=== THE INPUT ===

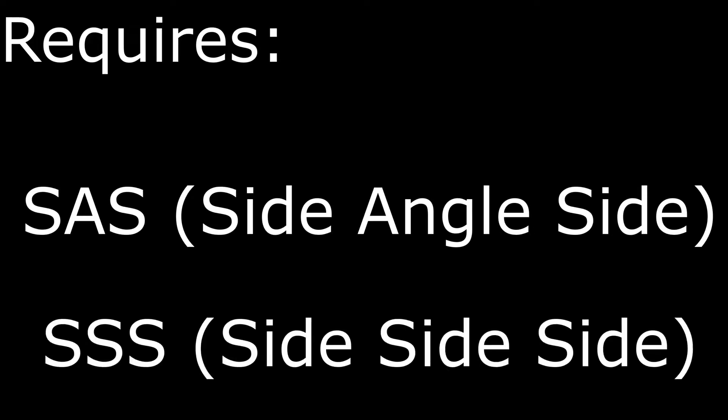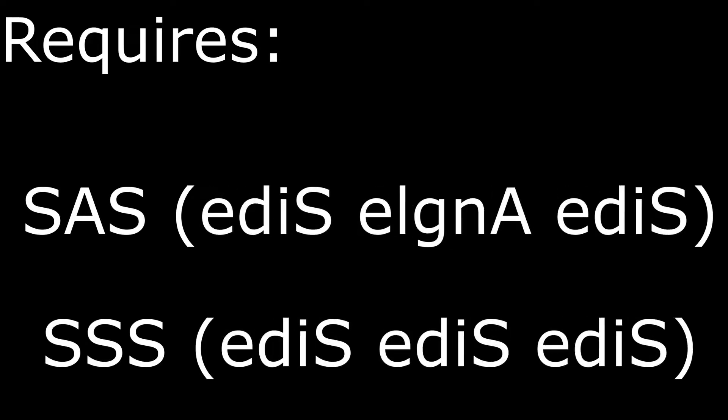The Law of Cosines requires SAS, SSS, and their reverses. Wait, hold on. Did the same thing.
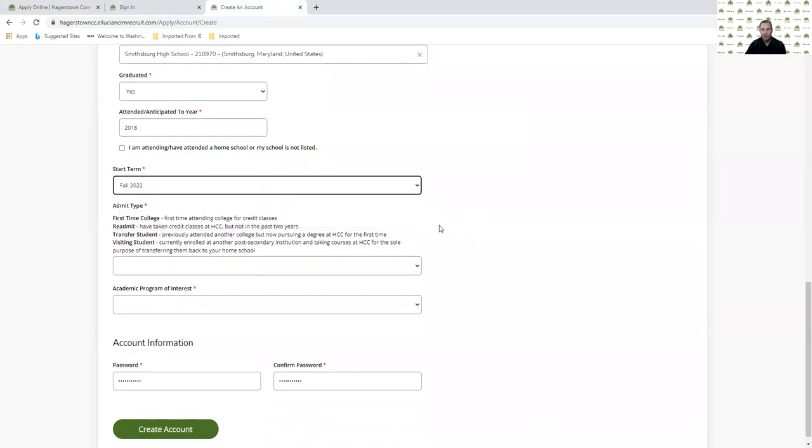I then also need to pick an admit type. If this is the first time I'm taking classes here at Hagerstown Community College, I'll pick first time to college. If I've been at HCC taking classes, but I've been away for over two years, I'll pick that I'm a readmit student.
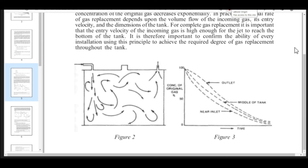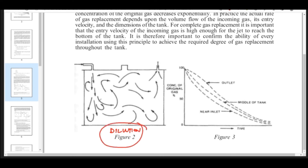In the dilution process, the entry of gas is from the top of the tank. The exit of the gases should be as far as possible from the entry point. That is what is shown in the sketch — this is the dilution sketch, Figure 2. Entry and exit should be as far apart as possible.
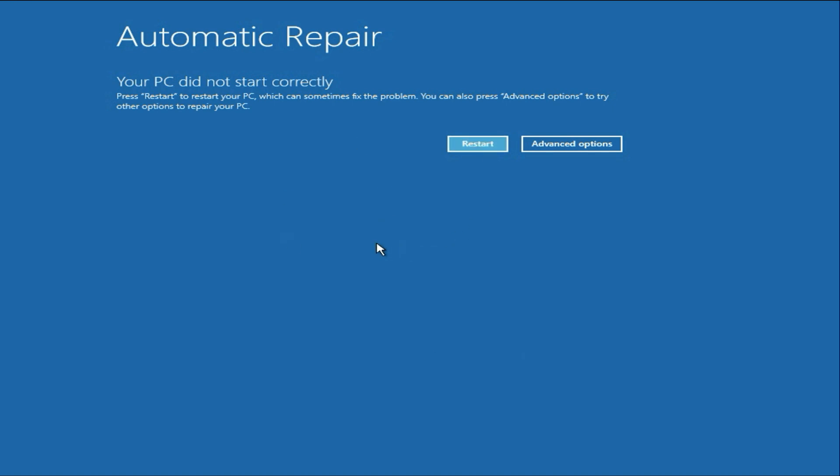Hello everyone, hope you all are doing good. So if you are getting this kind of error, your PC did not start correctly, in this video let's quickly fix this error.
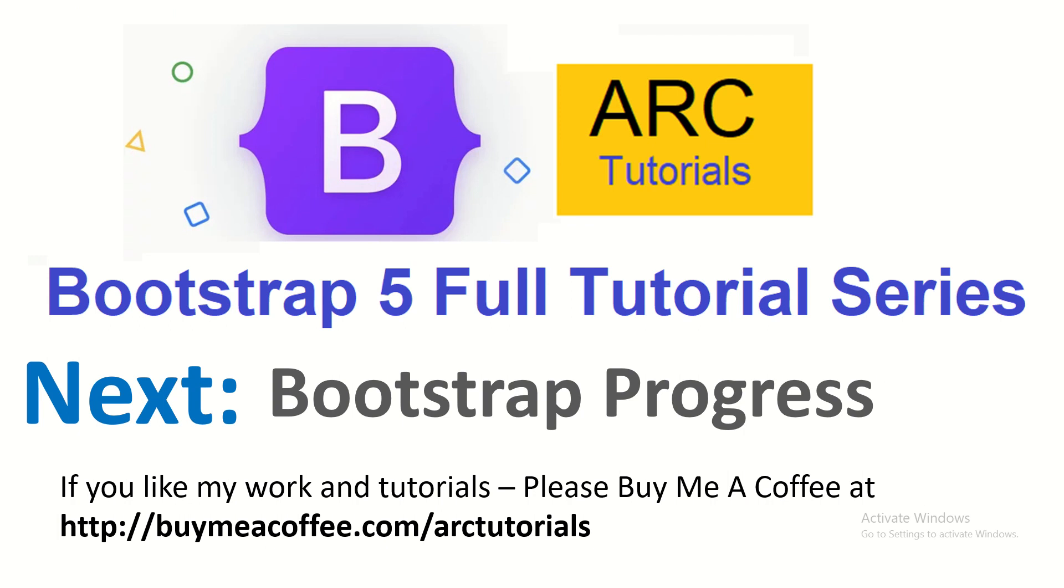If you like my work, please consider buying me a coffee at buymeacoffee.com/arctutorials. Don't forget to subscribe, don't forget to like the video. Thank you so much.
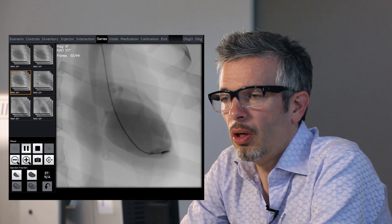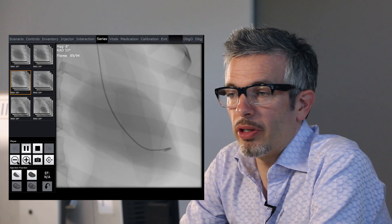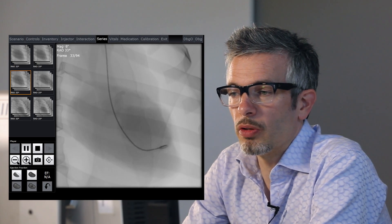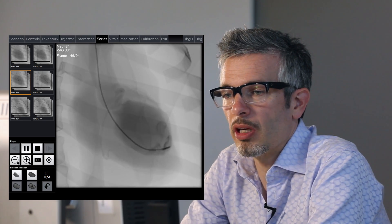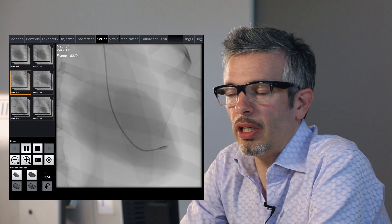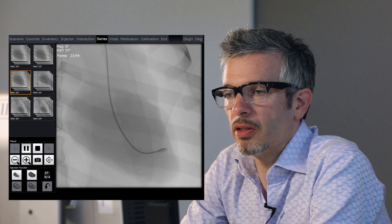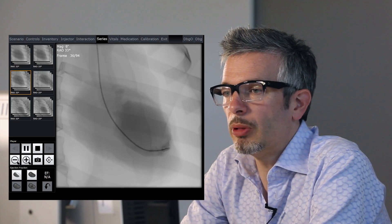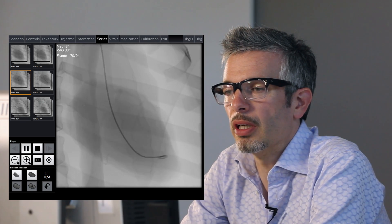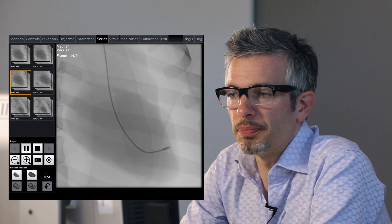We've connected our pigtail catheter to a power injector and injected around 30 to 40 mils of contrast at 10 mils per second, and we've got an LV gram here. You can see there's some abnormal motion of the anterior wall of the heart, which is moving in a paroxysmal fashion.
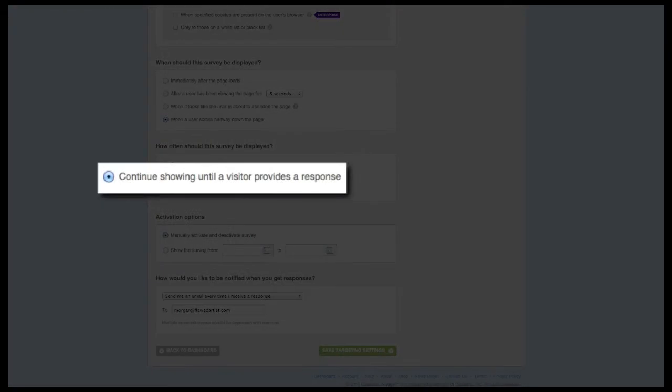The second option, which is more aggressive, will continue displaying the survey until a visitor provides a response to at least the first question. It's important to take the first question within your survey in mind as well as how broadly you've targeted the survey when setting this option. Abusing this frequency option could potentially lead visitors to submitting false answers simply to make the survey disappear. So use your best judgment, and you can always switch back to the 'only show once' option if you feel you're starting to receive lower quality responses.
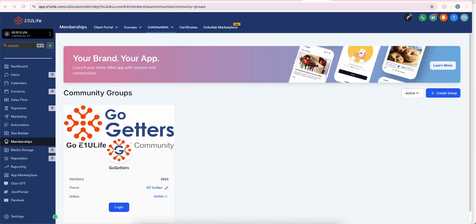In this video, we're going to walk you through registering your phone number for A2P and 10DLC. What does that mean?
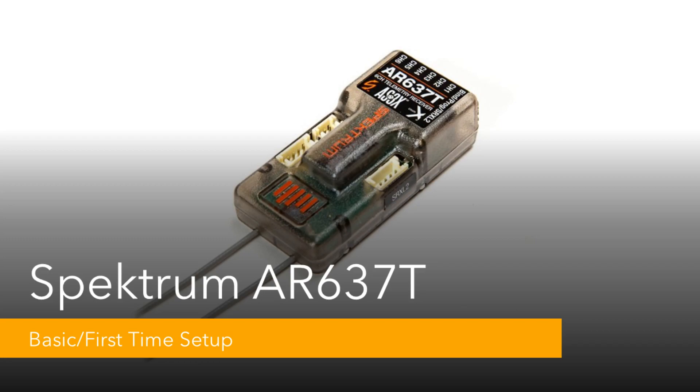This video will cover the requirements to set up basic AS3X stabilization on a model equipped with the Spectrum AR637T receiver. The setup process is required before continuing to more advanced configurations such as heading hold and safe.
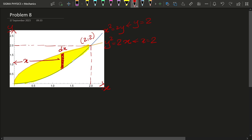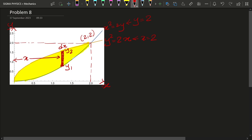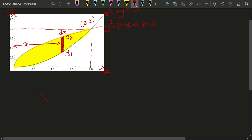Let's say this is a very small elemental area with thickness dx, lying at a distance x from the y-axis. The lower point of this rod is y1 and the upper point is y2. We know from the formula that the x-coordinate of the center of mass — since this is a two-dimensional body, the center of mass will have both x and y coordinates — equals 1 over total area A, times the integral from 0 to 2 of x dA.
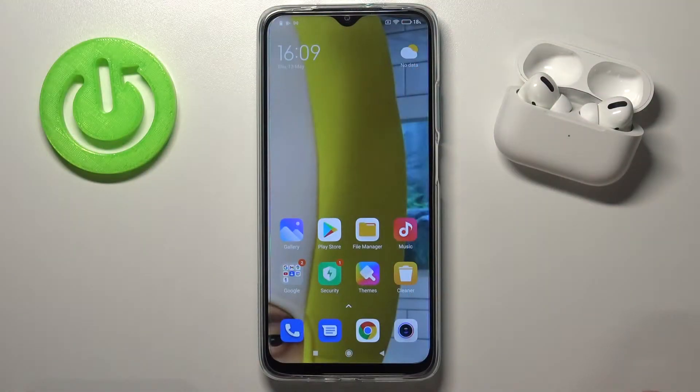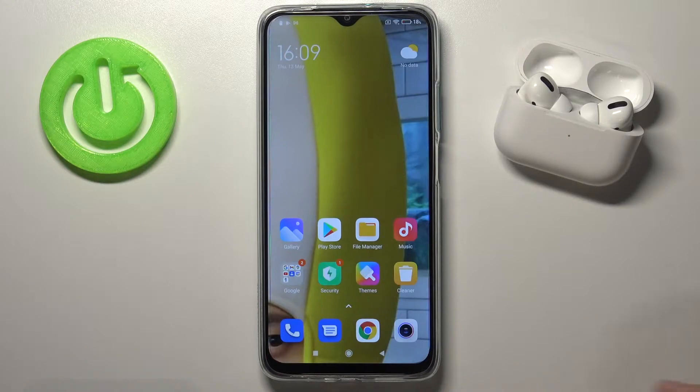Welcome. In front of me I have a Xiaomi Redmi 9T, and today I will show you how to activate the Hey Google voice command.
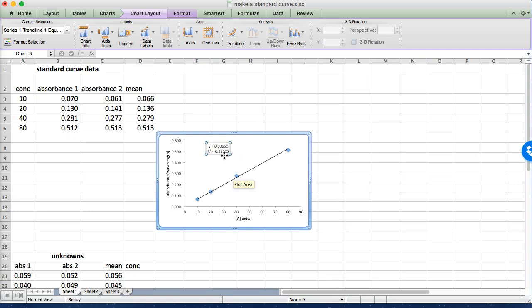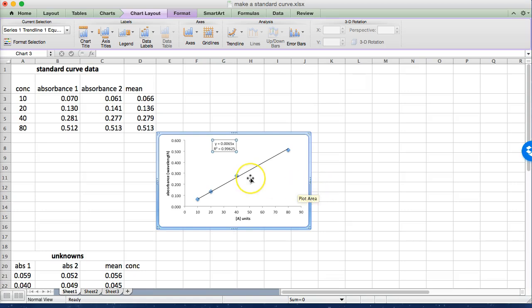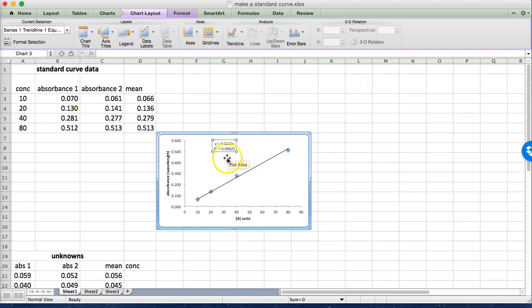This might be a little small in the video but my r-squared value is 0.99625 so a perfect fit would be one. You wouldn't expect to get one very often because that just doesn't happen. Anything for this type of a standard curve you would expect at least 0.98 for an r-squared value because you've controlled the concentrations you should get pretty consistent measurements. And then we have our equation y equals 0.0065x which we're going to use to calculate the concentrations of our unknowns.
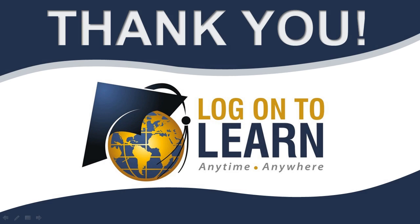We hope this session has been informative. Thank you for choosing Log On To Learn, educating the world anytime, anywhere.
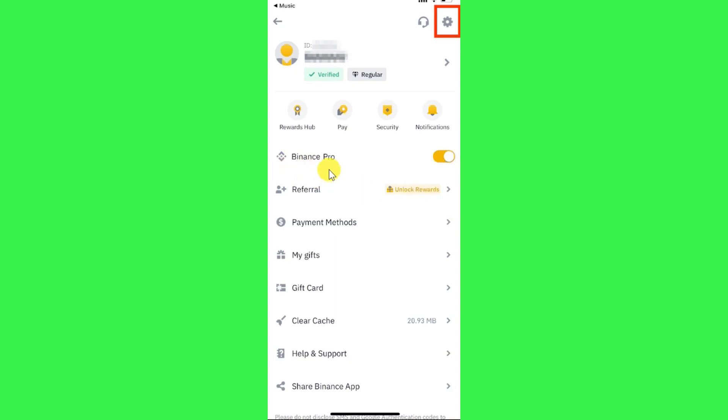Now, for any reason if you are not able to see Binance Pro or this toggle button section in your Binance mobile application, then what you can do is simply update your Binance mobile application. In order to update it or check for updates, you will have to click on this gear icon in the top right-hand corner.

===

** EXERCISE BRIEF **
Restate the data above exactly, stripping out each image.

** ANSWER TO THIS PROBLEM **
The Law of Cosines requires SAS, SSS, and their reverses. Wait, hold on. Did the same thing.
I then also need to pick an admit type. If this is the first time I'm taking classes here at Hagerstown Community College, I'll pick first time to college. If I've been at HCC taking classes, but I've been away for over two years, I'll pick that I'm a readmit student.
In the dilution process, the entry of gas is from the top of the tank. The exit of the gases should be as far as possible from the entry point. That is what is shown in the sketch — this is the dilution sketch, Figure 2. Entry and exit should be as far apart as possible.
Hello everyone, hope you all are doing good. So if you are getting this kind of error, your PC did not start correctly, in this video let's quickly fix this error.
If you like my work, please consider buying me a coffee at buymeacoffee.com/arctutorials. Don't forget to subscribe, don't forget to like the video. Thank you so much.
We've connected our pigtail catheter to a power injector and injected around 30 to 40 mils of contrast at 10 mils per second, and we've got an LV gram here. You can see there's some abnormal motion of the anterior wall of the heart, which is moving in a paroxysmal fashion.
The second option, which is more aggressive, will continue displaying the survey until a visitor provides a response to at least the first question. It's important to take the first question within your survey in mind as well as how broadly you've targeted the survey when setting this option. Abusing this frequency option could potentially lead visitors to submitting false answers simply to make the survey disappear. So use your best judgment, and you can always switch back to the 'only show once' option if you feel you're starting to receive lower quality responses.
In this video, we're going to walk you through registering your phone number for A2P and 10DLC. What does that mean?
This video will cover the requirements to set up basic AS3X stabilization on a model equipped with the Spectrum AR637T receiver. The setup process is required before continuing to more advanced configurations such as heading hold and safe.
Let's say this is a very small elemental area with thickness dx, lying at a distance x from the y-axis. The lower point of this rod is y1 and the upper point is y2. We know from the formula that the x-coordinate of the center of mass — since this is a two-dimensional body, the center of mass will have both x and y coordinates — equals 1 over total area A, times the integral from 0 to 2 of x dA.
Welcome. In front of me I have a Xiaomi Redmi 9T, and today I will show you how to activate the Hey Google voice command.
This might be a little small in the video but my r-squared value is 0.99625 so a perfect fit would be one. You wouldn't expect to get one very often because that just doesn't happen. Anything for this type of a standard curve you would expect at least 0.98 for an r-squared value because you've controlled the concentrations you should get pretty consistent measurements. And then we have our equation y equals 0.0065x which we're going to use to calculate the concentrations of our unknowns.
We hope this session has been informative. Thank you for choosing Log On To Learn, educating the world anytime, anywhere.
Now, for any reason if you are not able to see Binance Pro or this toggle button section in your Binance mobile application, then what you can do is simply update your Binance mobile application. In order to update it or check for updates, you will have to click on this gear icon in the top right-hand corner.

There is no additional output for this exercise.